Please write out all the data that follows exactly, without the pictures.

The data:
===
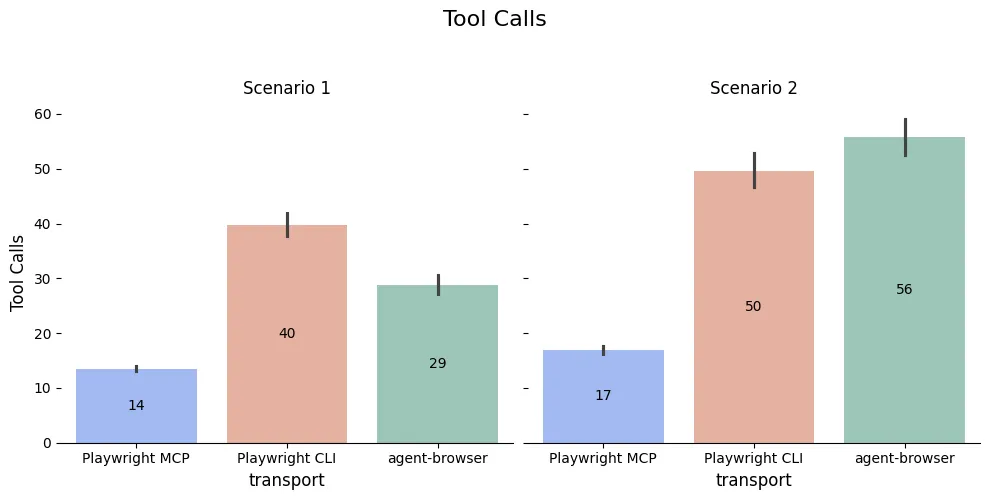 Bar chart of average tool calls by scenario. Scenario 1 uses about 14 calls for MCP, 40 for CLI, and 29 for agent-browser; Scenario 2 uses about 17, 50, and 56 respectively.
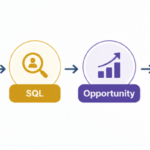 Agencies That Align Sales and Marketing for Manufacturers With Long Buying Cycles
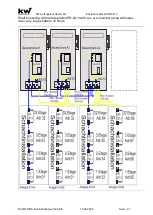 Preview for 31 page of KW DAVID-613 Manual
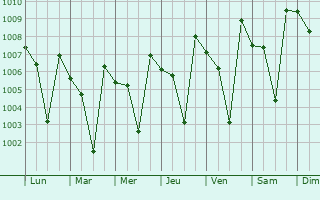 Graphe de la pression atmosphrique prvue pour Panchgani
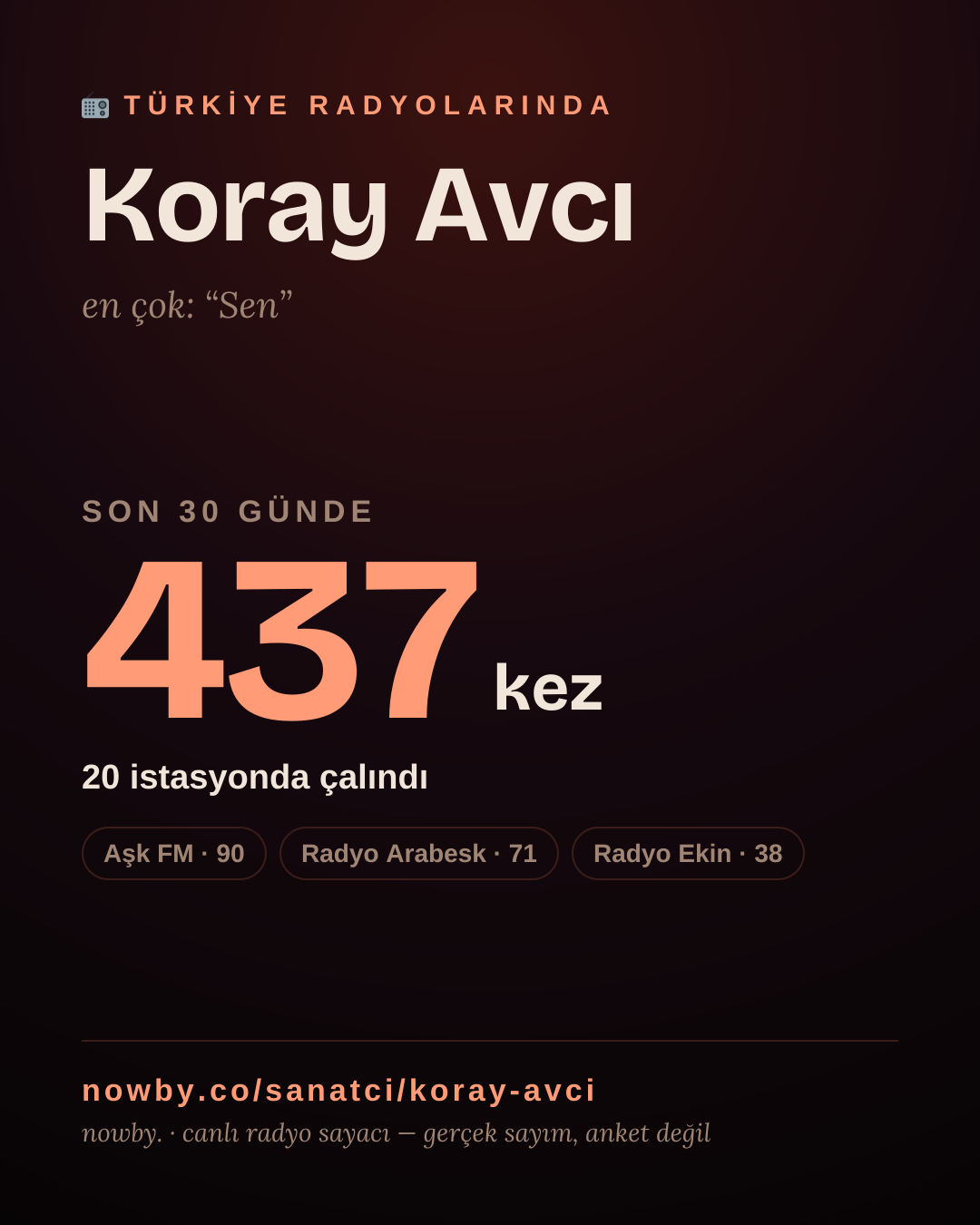Sanatçısı, menajeri ya da hayranı mısın? Bunu paylaş.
===
Answer to the exercise:
 Bar chart of average tool calls by scenario. Scenario 1 uses about 14 calls for MCP, 40 for CLI, and 29 for agent-browser; Scenario 2 uses about 17, 50, and 56 respectively.
 Agencies That Align Sales and Marketing for Manufacturers With Long Buying Cycles
 Preview for 31 page of KW DAVID-613 Manual
 Graphe de la pression atmosphrique prvue pour Panchgani
Sanatçısı, menajeri ya da hayranı mısın? Bunu paylaş.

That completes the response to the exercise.